India agrees to adopt integrated taxation system with OECD and G20
The Organization for Economic Cooperation and Development (OECD-Organization for Economic Cooperation and Development)/G-20’s majority members (including India) adopted an important declaration yesterday. All the members agreed that the tax challenges due to digitization of the economy should be addressed. It is noteworthy that MNCs/industries divert their profits from high taxing countries and transfer them to low taxing countries. In this way the tax base of high taxed countries gets eroded.
The proposed solution has two components – the first principle is to transfer the surplus share of the profit to the country-specific market and the second principle involves a minimum tax, which is subject to tax rules.
Some important issues related to profit sharing and the scope of tax rules are still open for talks and are to be resolved. Apart from this, the technical details of the proposal will also be prepared in the coming months. It is expected that by October this will be agreed.
The principles being followed to find a solution reinforce India’s point of maximizing profit sharing in the market, considering the factors of profit investing, cross-border profit transfer The issue should be resolved seriously and the tax rules should be made in such a way that such persons, who are not citizens, try to indirectly access the benefits of the tax treaty between two countries.

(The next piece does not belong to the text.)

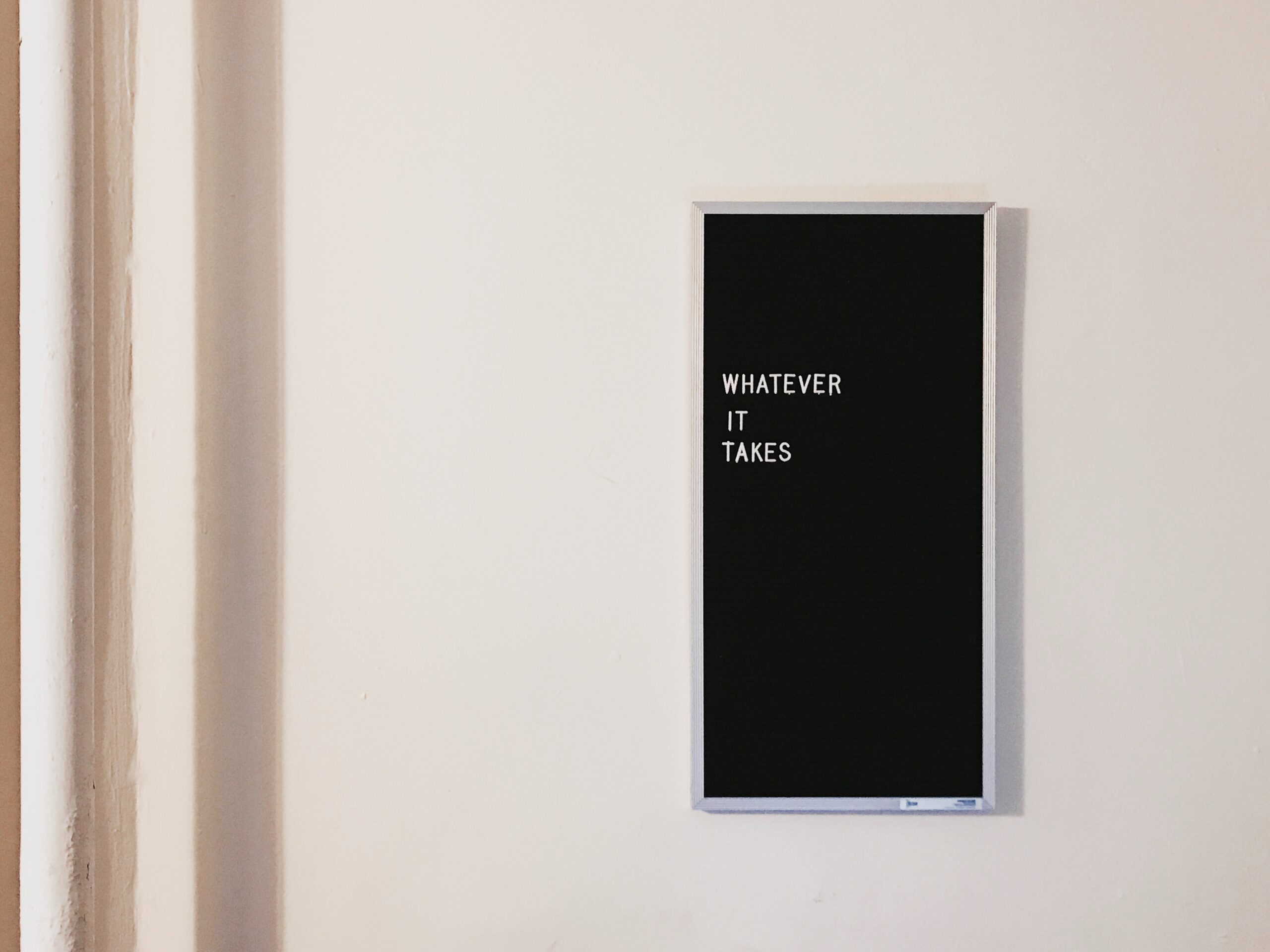 a blackboard on a wall with white lettering that says "whatever it takes"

India is in favor of a consensus solution that is easy to implement and follow. At the same time the solution must be meaningful and have a sustainable income for the markets of the countries, especially those of developing and emerging economies. India is ready for their implementation on the basis of consensus by quoting principle-one and principle-two. It wants a solution in this regard by October and in this direction it will make a positive contribution to advance the international tax agenda.